§ **TASK DETAILS**: Reproduce the data in full, exactly as it appears.

§ **DATASET CONTENT**:
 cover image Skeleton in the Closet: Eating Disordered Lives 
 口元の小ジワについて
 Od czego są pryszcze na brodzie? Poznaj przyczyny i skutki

§ **RESPONSE**:
 cover image Skeleton in the Closet: Eating Disordered Lives 
 口元の小ジワについて
 Od czego są pryszcze na brodzie? Poznaj przyczyny i skutki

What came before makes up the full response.